申し訳なさそうに頼まれたら、無下にはできない(申し訳なさそうでなくともだが)。武村は簡易ベットの下にしまってあった鉄帽てっぱちと迷彩革手を持って弾薬班のいる天幕まで向かった。


「お疲れ~す。先任に言われて支援に来たんすけど」

弾薬班の天幕を覗くが、誰もいなかった。おかしいな、と思っていると「おーい、こっちこっち」という声が聞こえた。見るとここから少し離れた所に有刺鉄線に囲まれた業天があり、そこから声の主は手招きして武村を呼んでいた。

声の主、清水きよみず1曹は中隊で火器陸曹を担当している。不発弾処理のMOS(特技区分)も持っているので、不発弾清掃で弾着地域に入るときは必ず同行するほどの、いわば弾薬のスペシャリスト。

「武村は今日は非番だったって?ふふ、お疲れちゃんですねぇ」

しゃべり方に特徴があるが、決して作っている訳では無い。

「非番でもする事がないんで、ちょうど良かったっすよ」

「そお?じゃ武村士長にはバリバリ動いてもらいますかねぇ」

(笑)が見える位にニヤニヤする清水きよみず1曹の陰で平本士長が同じようにニヤニヤしていた。

「貴重な非番を潰しての支援、痛み入ります」

平本は口を両手で覆ってはいるが、言葉とは裏腹に目と眉毛はVの字を描いていた。


平本は弾薬班に配属されていた。

弾薬班の主な仕事は実施部隊(実射)への弾薬配布と薬莢回収、及び弾薬受領だ。

今回武村は弾薬受領の支援に加わる。総火演中の弾薬受領は1~2回ある。弾種、弾数にもよるが、1tトレーラー1車分で収まる部隊もあれば、特大型とくおおがたと呼ばれる3t半よりも大きい車両で目一杯積載する部隊もあるのだ。

どの弾薬も木箱に入っており、5,56㎜NATO弾でも1箱あたりの重さは10キロ以上を有に超える。79式対舟艇対戦車誘導弾(通称:重MAT)に至っては30キロオーバーだ。
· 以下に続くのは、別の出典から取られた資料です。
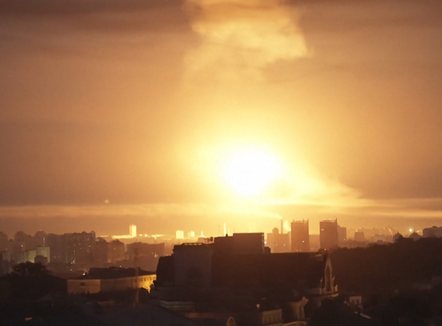 Natë zjarri në Kiev. Rusia lëshon qindra drone e raketa, të paktën 13 viktima 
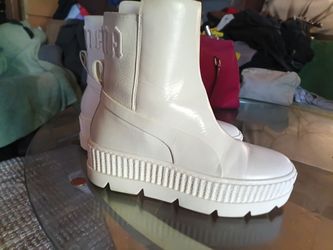 New women's puma boots size 7 1/2
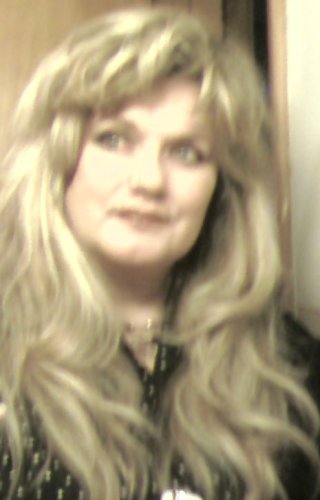Louise Carr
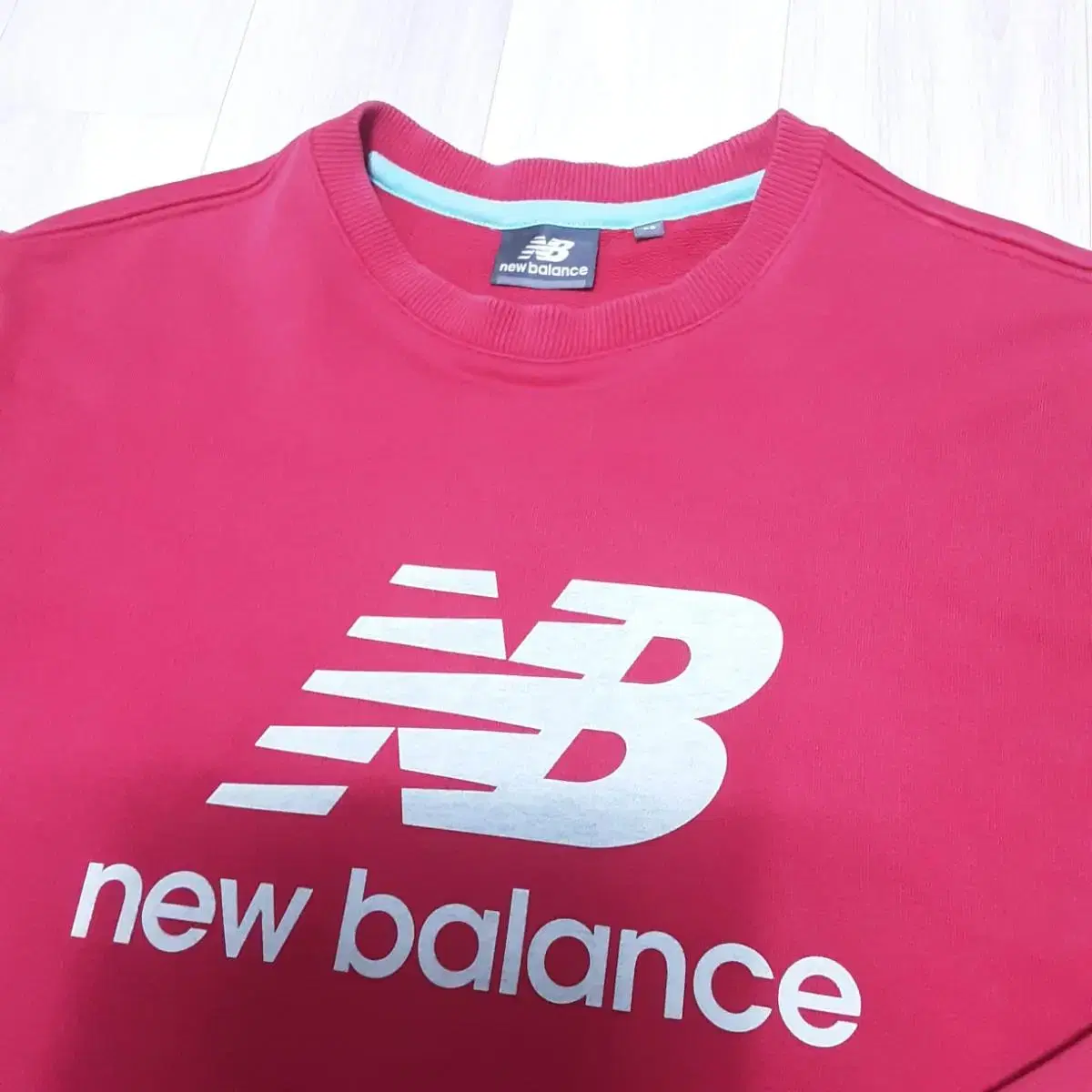 뉴발란스 (New Balance) 라운드 티셔츠, 맨투맨 - 95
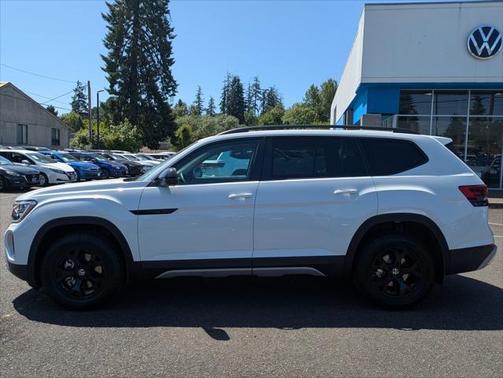2025 Volkswagen Atlas 2.0T Peak Edition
何事も人力で賄う自衛隊。民間ではトラックに貨物を積載する時はフォークリフトを使用するが、生憎自衛隊(陸のみか?)はそんな文明の利器は使わない。

すべて手搬送、己のパワーのみが求められるのだ。

「武村士長。今日はですねぇ、小銃の弾が〇×発と連装の弾が×〇発、他にも✇🔣±¶・・と、たくさんありますのでぇ、頑張って下さいねぇっふっふっふ」

清水きよみず1曹から聞く限り、とても1tトレーラーで収まる量ではなかった。


「そうそう、武村士長は3t半の運転もお願いしちゃいますねぇ」


断れば良かったかな?と軽く後悔する武村だった。